Re: [css3-syntax] Digest of remaining issues from recent discussions

On Tue, Feb 19, 2013 at 10:03 PM, Simon Sapin <simon.sapin@kozea.fr> wrote:
> http://lists.w3.org/Archives/Public/www-style/2013Feb/0278.html
>
> 1. Perhaps for team-legal rather than this WG? When a spec contains detailed
> algorithm in English, implementing it may look like "translating" it to a
> computer language, similar to translating the spec to another human
> language.
>
> Clarify that implementing is not a "derivative work" forbidden by the W3C
> Document License?
>
>
> http://lists.w3.org/Archives/Public/www-style/2013Feb/0402.html

As noted by others, this is perhaps a Team legal issue, but shouldn't
be an issue for Syntax until/unless they say something about it.

> 2. Possible security issue: Taking the stylesheet’s character encoding from
> the referring document should be same-origin only.

Haven't looked into this yet.  Added an issue.

> 3. Editorial: get rid of §3.2.1. "Preprocessing the input stream" by doing
> the same work in the tokenizer?

I haven't tried to do this yet.  Is it necessary?  You could consider
it part of tokenization, in the same way that "consume a component
value" is part of parsing.

> 4. Editorial: The tokenizer would be nicer (and could be less redundant)
> with a style closer to that of the parser: a bunch of "functions" that call
> each-other rather than a state machine. (Not quite "recursive decent"
> though, there is no recursion.)

With the help of some identification/validation functions, I've
eliminate a *ton* of redundancy.  Let me know if you find any
remaining stuff that would benefit from being abstracted out.

> 5. Editorial: use more look-ahead to avoid "reconsuming"?

Most of the reconsuming is just for convenience.  If you spot places
where you think I could use lookahead rather than reconsuming (and
which wouldn't violate my "three characters of lookahead, one token of
lookahead" rule), let me know.

> 6. *-match tokens: maybe add now tokens for !#%+./?@ (each follow by = equal
> sign) in addition to the current ~|^$* so that future additions to Selectors
> don’t need to add new tokens. Maybe have a single "match" token with a
> character value (like delim) rather than many tokens.

Could, or we could just wait and add to the parser later.  Dunno what's best.

> 7. *If* SVG2 wants some of its attributes values to have CSS syntax *but*
> not allow CSS comments, add a "no comment" flag to the tokenizer.

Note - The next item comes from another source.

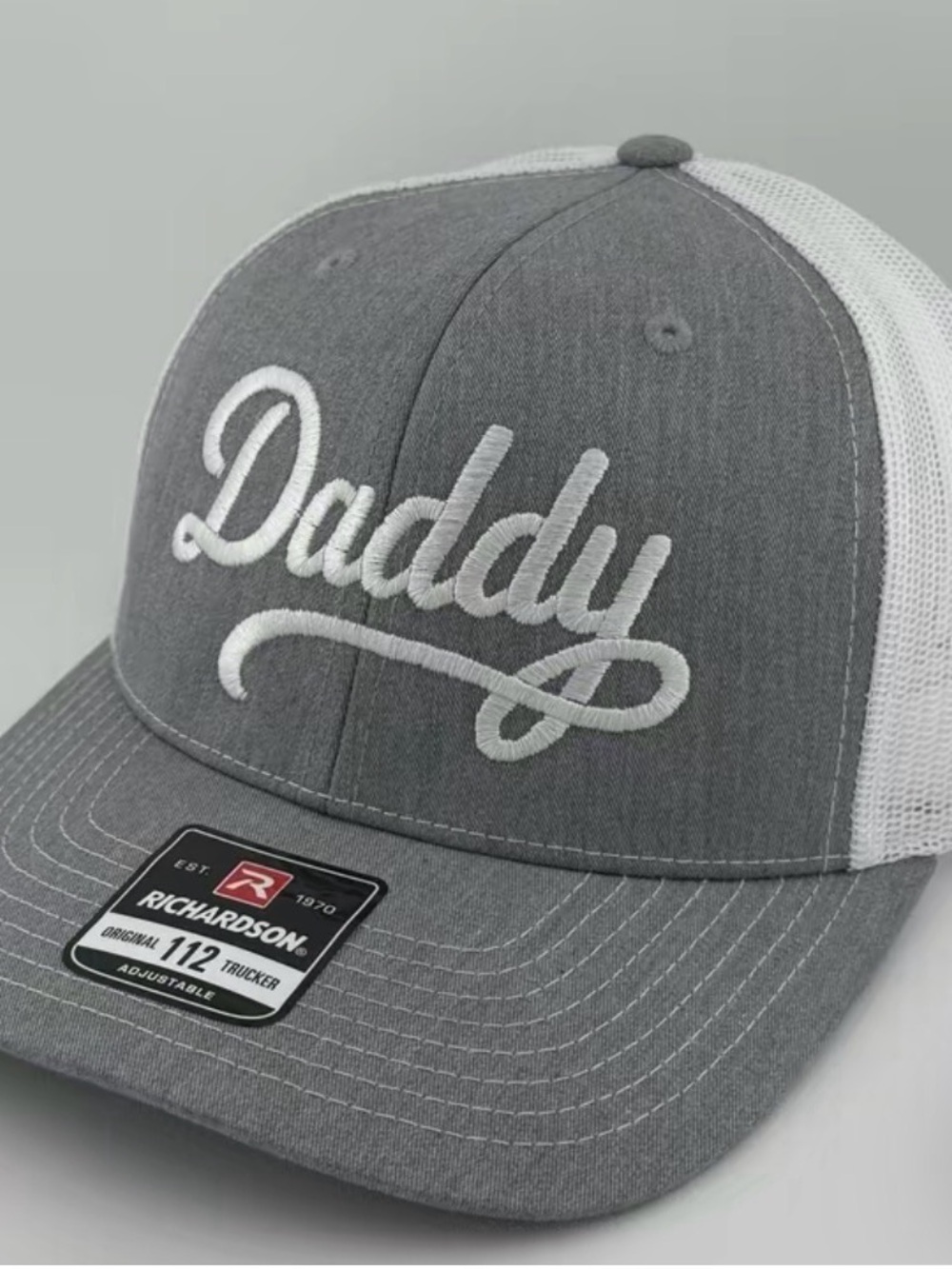 Daddy Embroidered Trucker Hat - Gray/White by Richardson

Tab and I
> would rather just allow comments, though, if that’s not a web-compat issue.

Up to the SVGWG, but I don't think they need this control.

> 8a. Should EOF in quoted strings or urls not be an error at all, to be
> consistent with the rest of the "unexpected EOF" rules?

I'd be fine with this, but I'd need to check compat again, as I've
forgotten the original details.

> 8b. (Special case of the above) §4.2 of CSS 2.1 has an example where EOF in
> a string as acceptable, in contradiction with its own Core Grammar in §4.4.1
> where it’s a bad-string token.

Yay!

> 9. There is concern with bad-string and bad-url being "preserved". (Should
> always be errors caught as early as possible?) But I don’t see how to do
> this while enabling Media Queries’s fine-grained error handling.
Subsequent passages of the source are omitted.